March 31, 2011 at 4:06 pm EDT | by Mark Lee
D.C. small businesses face worst-in-nation obstacles

When local community activists gather to assess the political environment in D.C. and reflect on their efforts to attain LGBT legislative equality and legal protections, they celebrate the support received from the District’s political establishment and the relative ease by which civil fairness and equity are achieved.

In contrast, when local community small business owners and entrepreneurs hang out together, they commiserate with one another regarding the legendary obstacles and seemingly incessant burdens of operating a commercial enterprise in Washington.

They do so with good reason.

Once again, D.C. has maintained its perennial notoriety as the least-friendly environment in the nation for the development and success of small business endeavors.

The latest annual survey and analysis by the Small Business and Entrepreneurship Council again ranks the District of Columbia dead last among itself and the 50 states when measuring governmental barriers to community enterprise and independent professional activities. This is the same embarrassing position our local political leadership has earned for as long as anyone can recall, and a distinction mirrored by other sources.

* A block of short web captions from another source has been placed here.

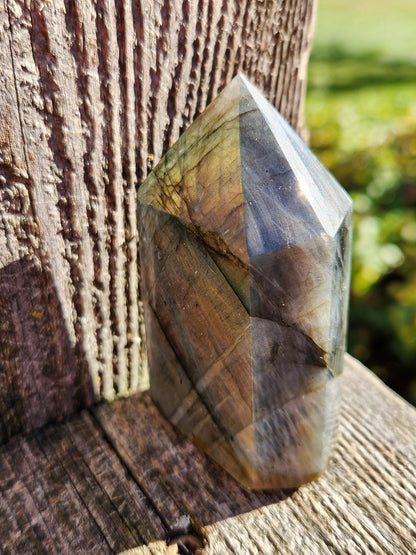 AAA Labradorite Tower Point: High Polished Crystal with Orange Yellow Blue Green Flash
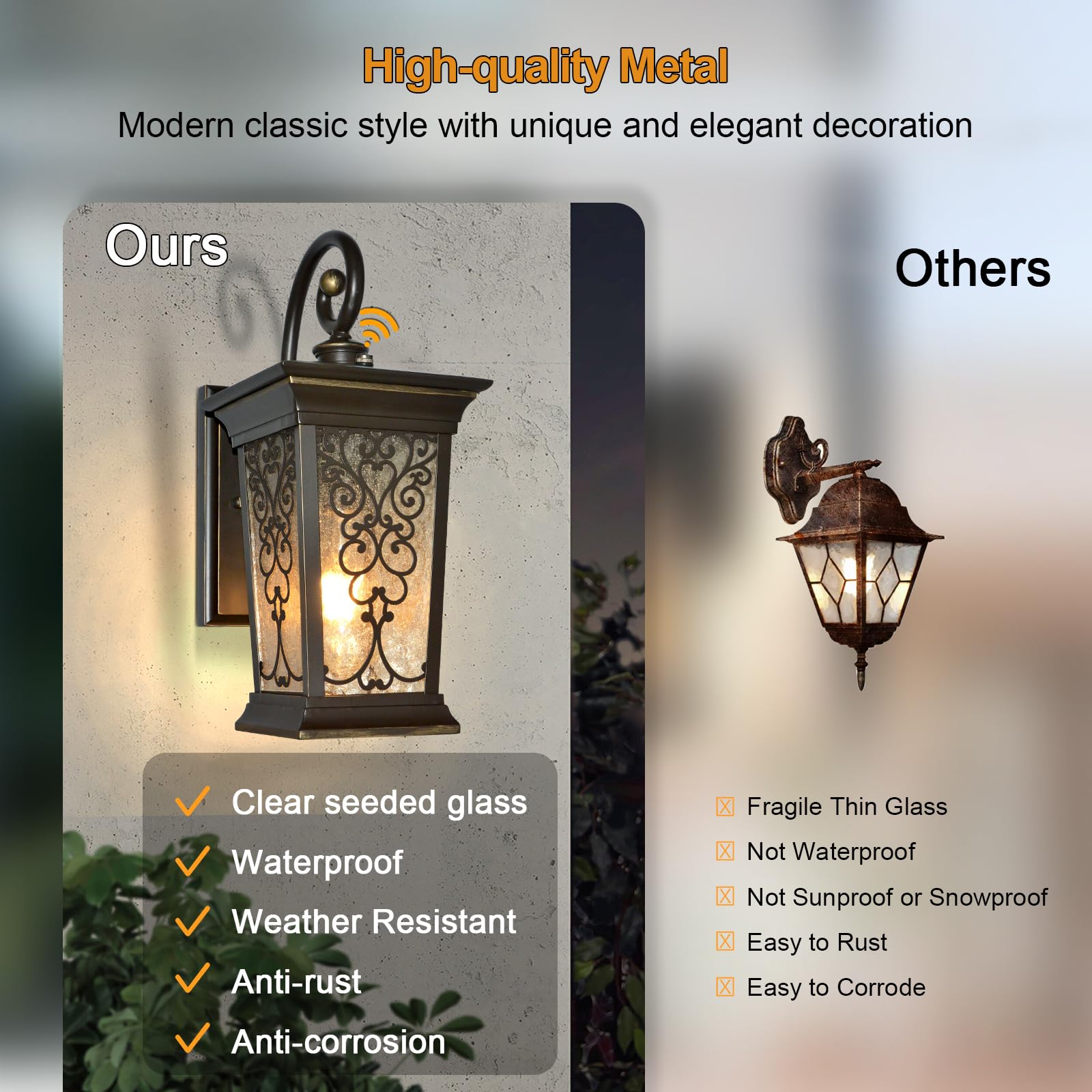 ALVIME Dusk to Dawn Outdoor Wall Light, 14" Antique Bronze Sconce, Aluminum, E26 Base, Photocell Sensor, Model HY90098AB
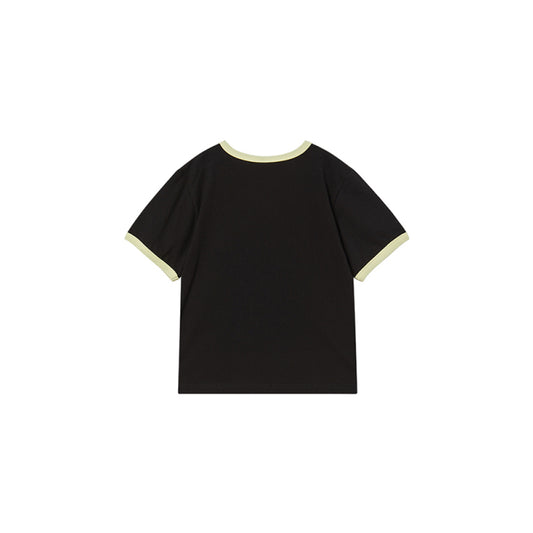 KIDS SNAKE INITIAL RINGER SHORT SLEEVE T-SHIRT BLACK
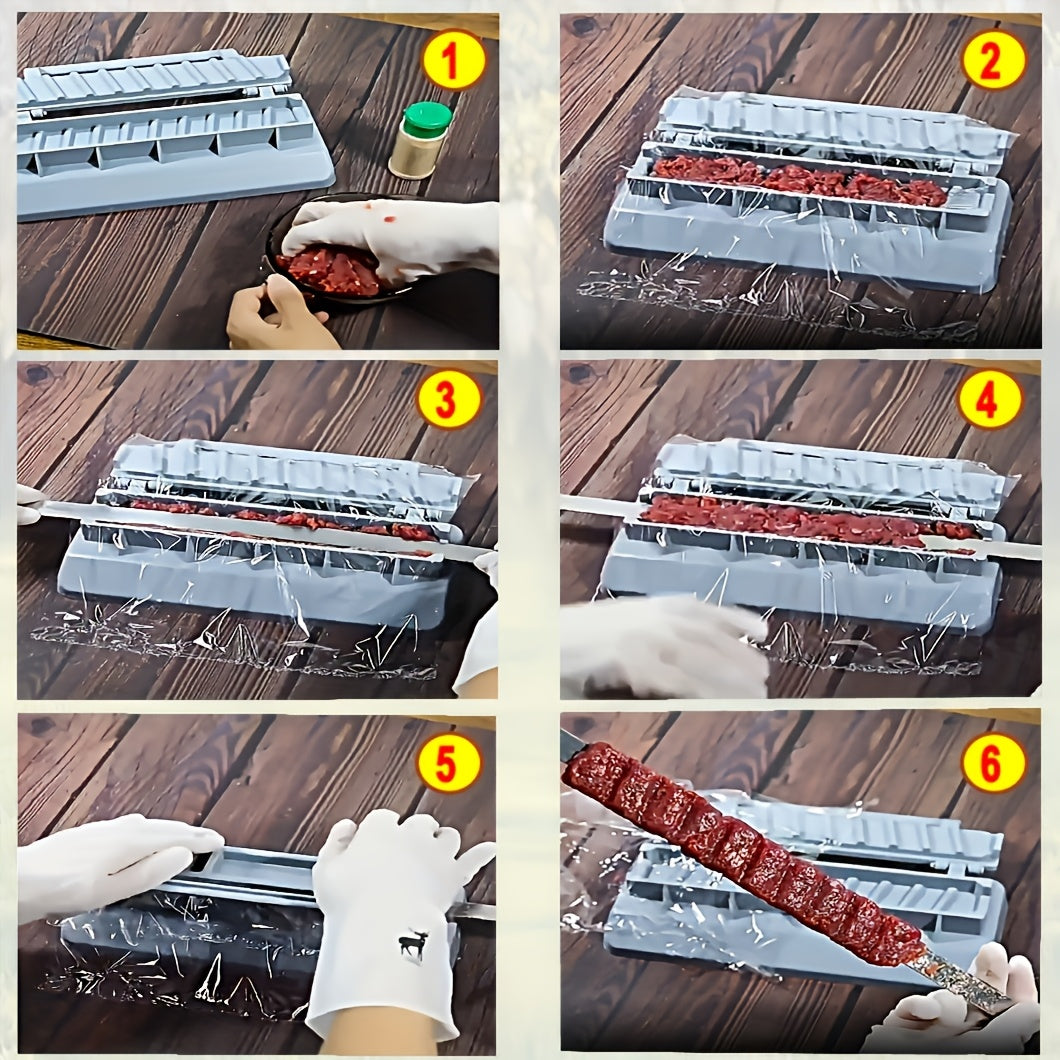 Plastic Kebab Maker Single-Row Skewer Mold for BBQ Portable Kitchen Tool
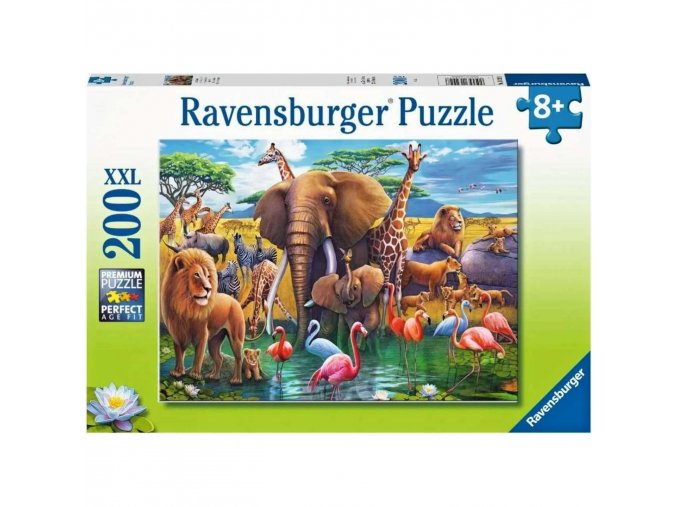 Ravensburger 13292 Puzzle Zvířata u napajedla 200 dílků XXL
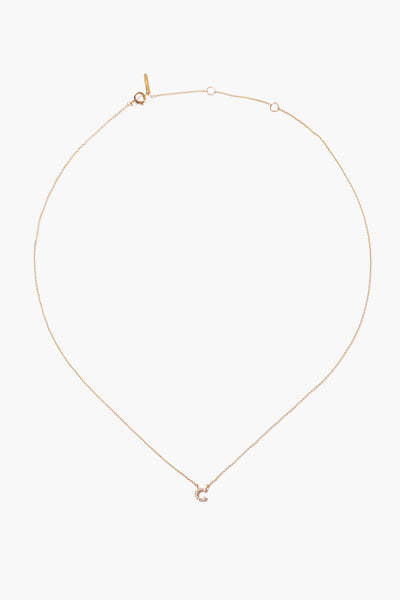 14k Gold and White Diamond Initial Necklace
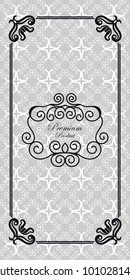 Vintage luxury background with retro elements, label, icon and frame for design of packaging luxury products. Vector illustration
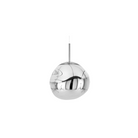 The Melt Mini Pendant from Tom Dixon in chrome turned off, showing the mirror-finish.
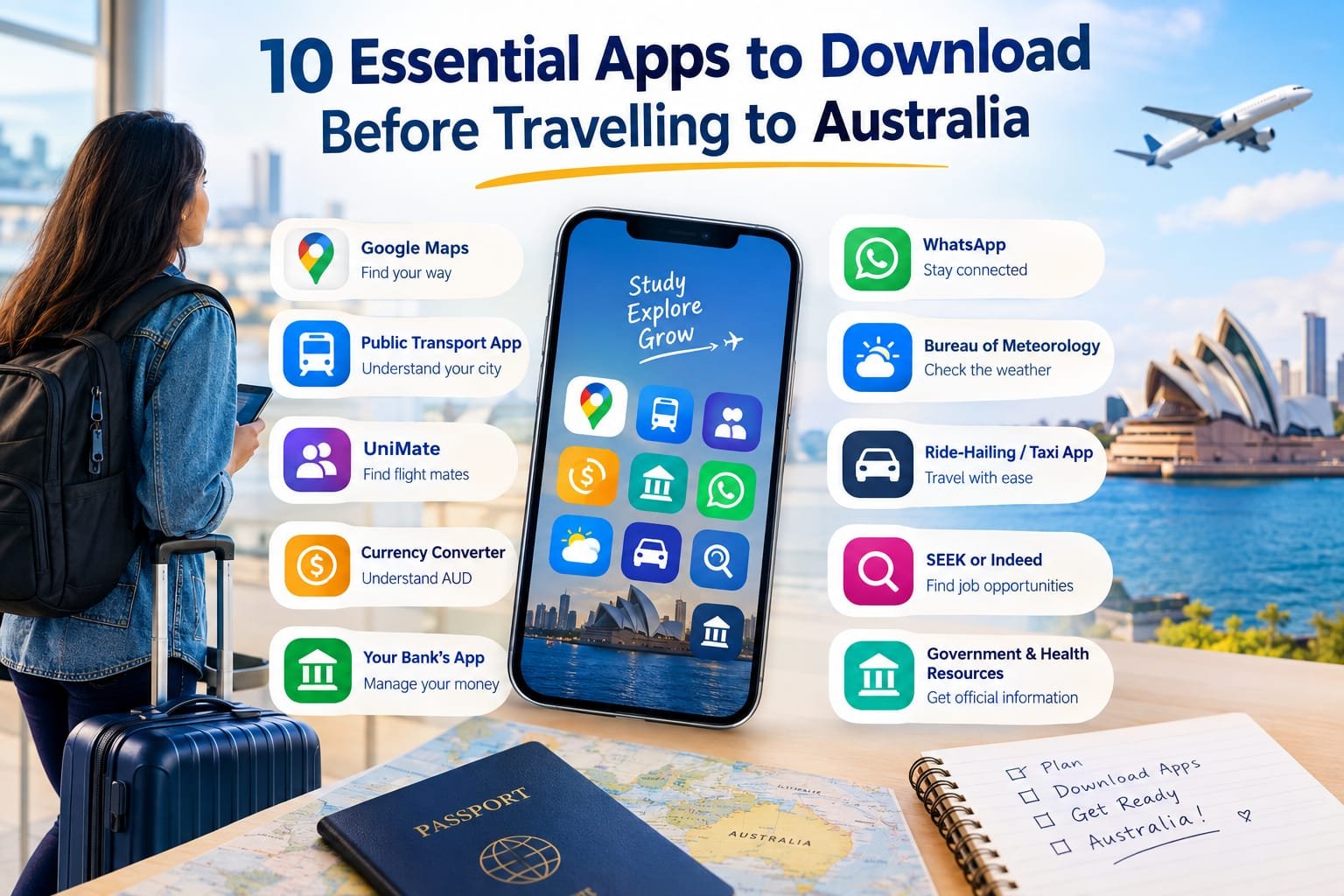 Infographic listing the 10 essential apps to download before travelling to Australia: Google Maps, public transport app, UniMate, currency converter, your bank's app, WhatsApp, Bureau of Meteorology, ride-hailing app, SEEK or Indeed, and government and health resources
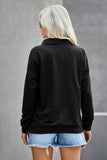 Cozy Chic V-Neck Zip-Up Sweatshirt (Black)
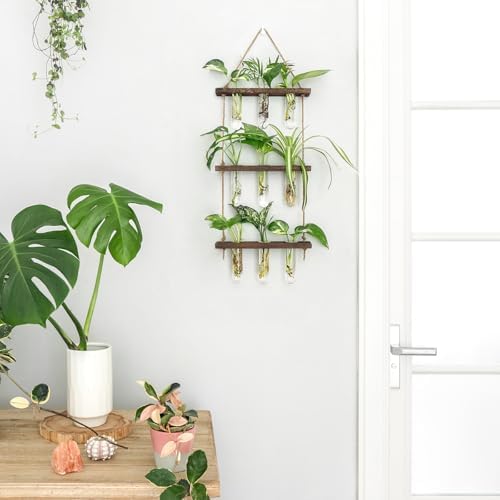 Mkono Plant Propagation Station, 3 Tier Small Brown Wall Hanging Vase Tubes - Image 2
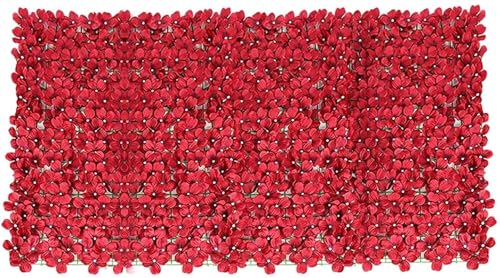 QIANMEI Künstliche Garten Sichtschutz Künstlicher Blumenzaun, Erweiterbarer Künstlicher Pflanzengarten-Sichtschutzzaun, Dekorative Künstliche Heckenplatten for Den Außenbereich,(Red,0.5 x 3 M) von QIANMEI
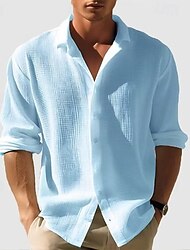 Herr Skjorta Våffelskjorta Konsistens Casual skjorta Knapp upp skjorta Vit Långärmad Slät Tröjkrage Ledigt Dagligen Kläder Elegant Mode Ledigt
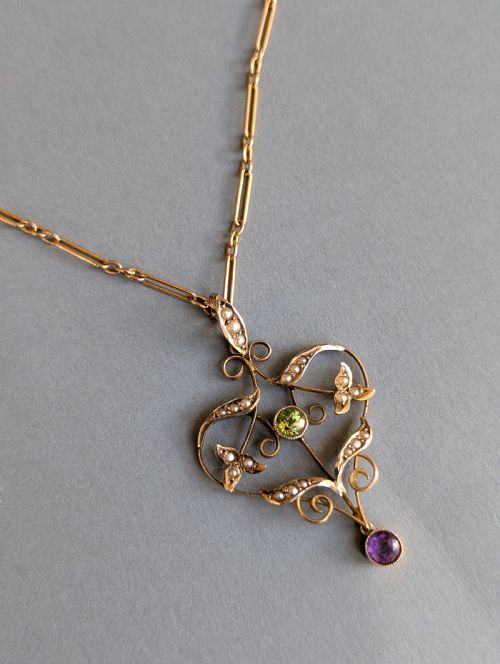 fig 1. Antique Gold Peridot Amethyst Pearl Suffragette Pendant and chain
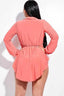 Long Sleeve Shirt With Waist Tie And Shorts-Coral
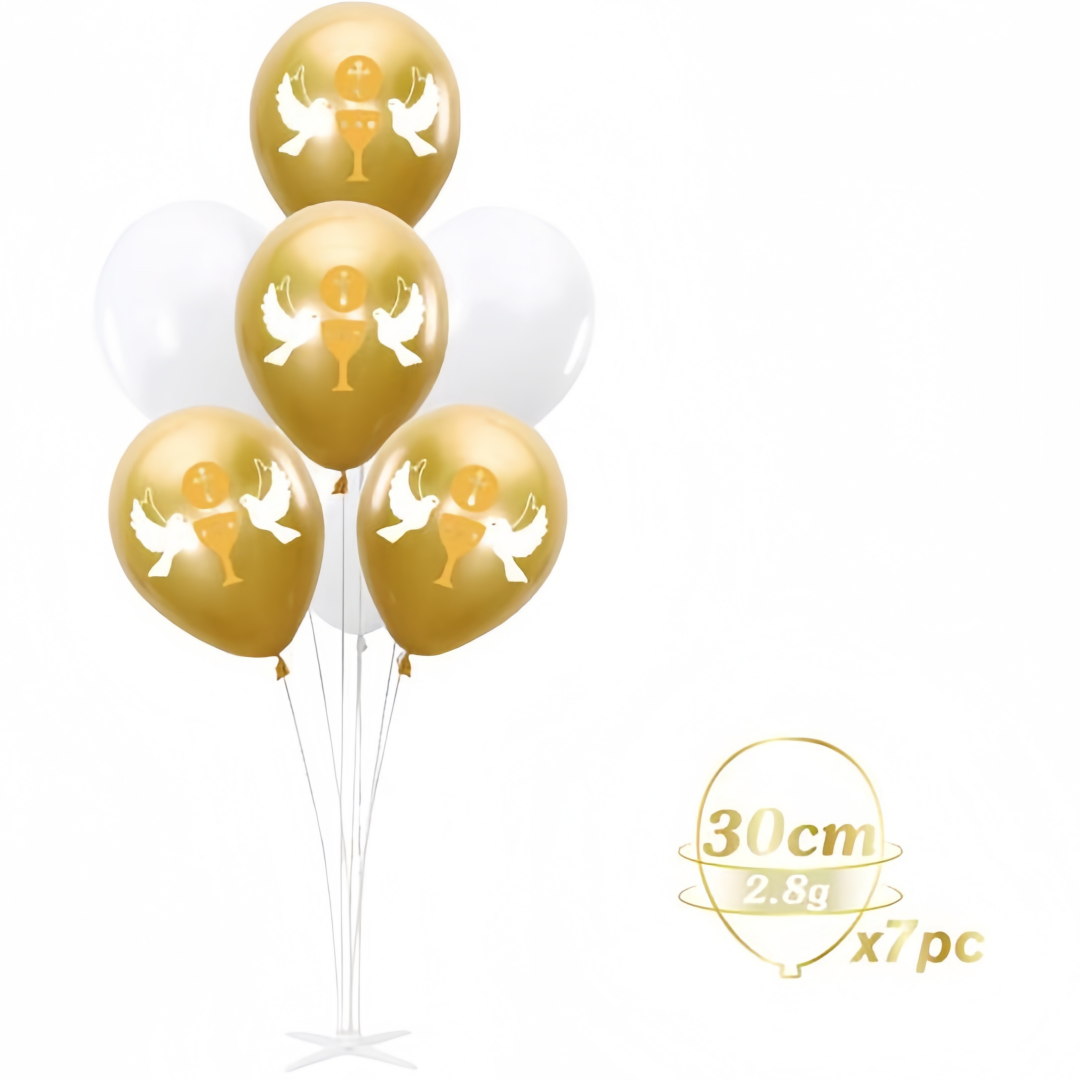 Centrotavola con Palloncini per Prima Comunione 7 Pezzi palloncini con Bastone di Supporto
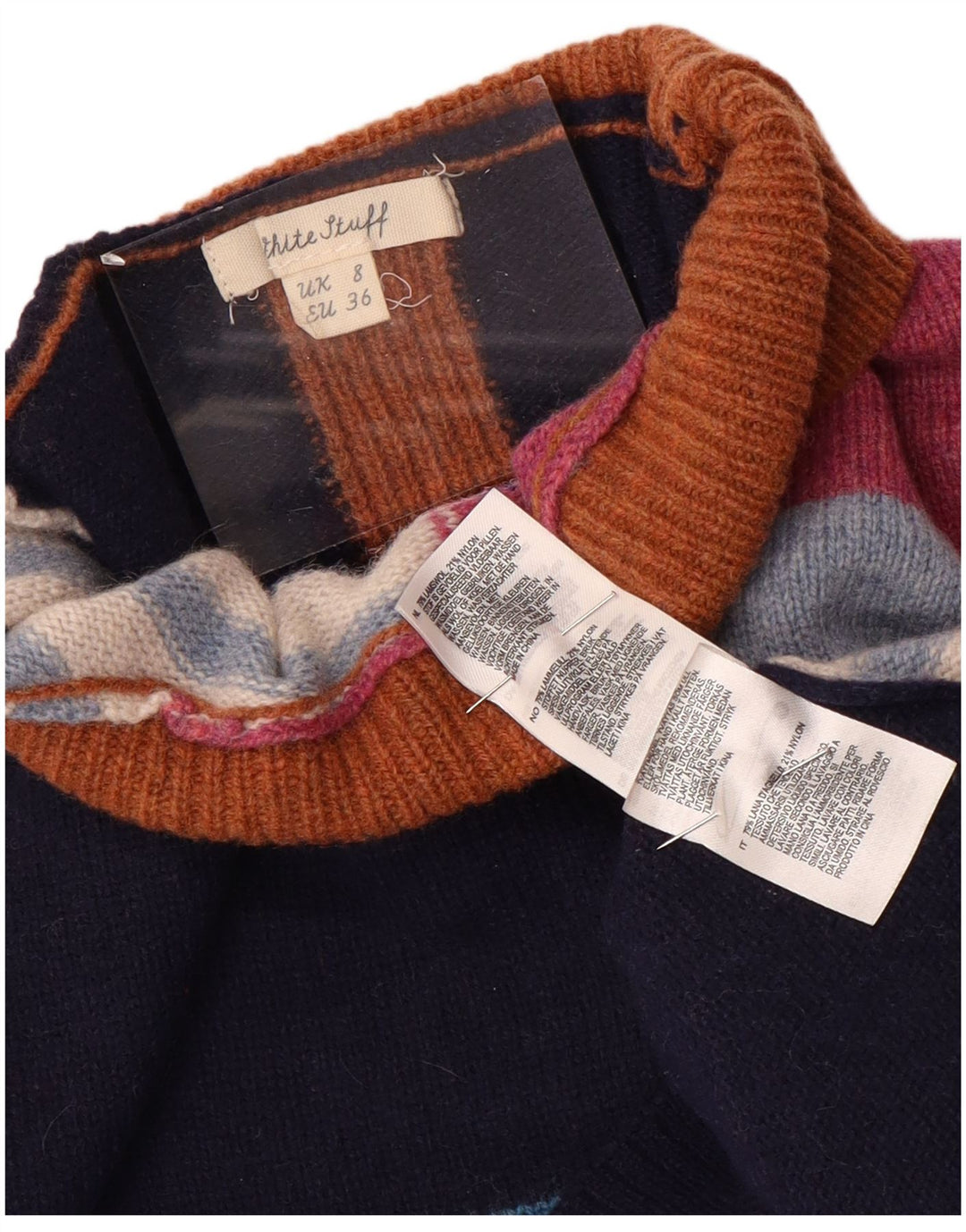 Женский джемпер с высоким воротником WHITE STUFF, Великобритания, 8, маленький, разноцветный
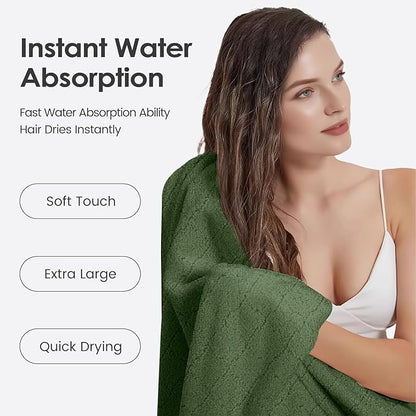 JML Microfiber Bath Towels Set of 2, Oversized, Ultra Soft, Super Absorbent, Fast Drying, No Fading Large Bathroom Towel for Yoga, Sauna, Travel, Fitness (Coral Fleece - Olive-Green, 30 in x 60 in)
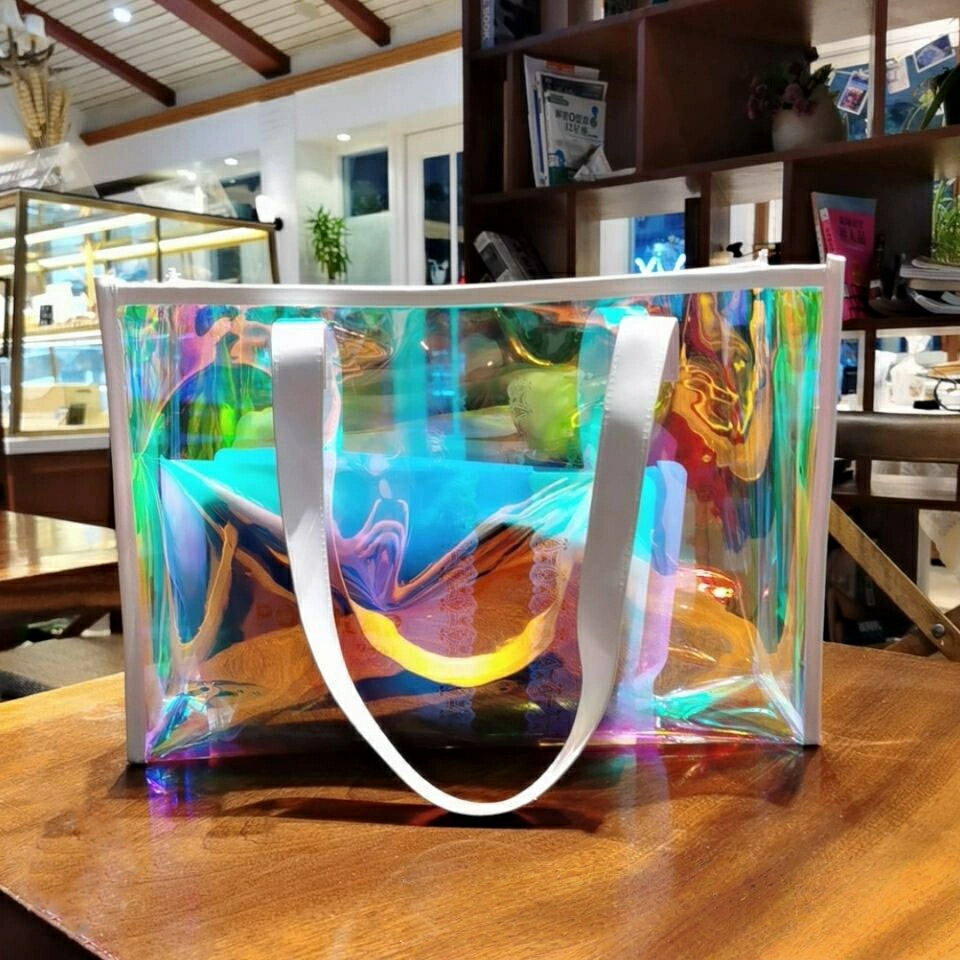 【200円クーポン配布中 送料無料】 ショッピングバッグ クリアバッグ 透明バッグ 厚手 無色 透明 オーロラ 七色 レインボー ホログラム 透明 バッグ PVC ビニール ビーチバッグ ビニールバッグ レディース 防水 透け 無地 シースルー トートバッグ シンプル おしゃれ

In its 15th annual “Small Business Survival Index: Ranking the Policy Environment for Entrepreneurship Across the Nation” released recently, the SBE Council’s widely reported and well-regarded measurement based on 38 critical areas of government policy and government-imposed costs, D.C. occupies last place. In fact, as the report notes, if all measurements by which the 50 states are judged were included – some of which the study exempts D.C. due to its unique status – its ranking would shoot through the floor and register a far distance from the closest state jurisdictions with the worst rankings.

This harsh day-to-day operational reality for small business enterprises disproportionately affects gays and lesbians due to the significantly higher prevalence of our numbers engaged in entrepreneurial activities.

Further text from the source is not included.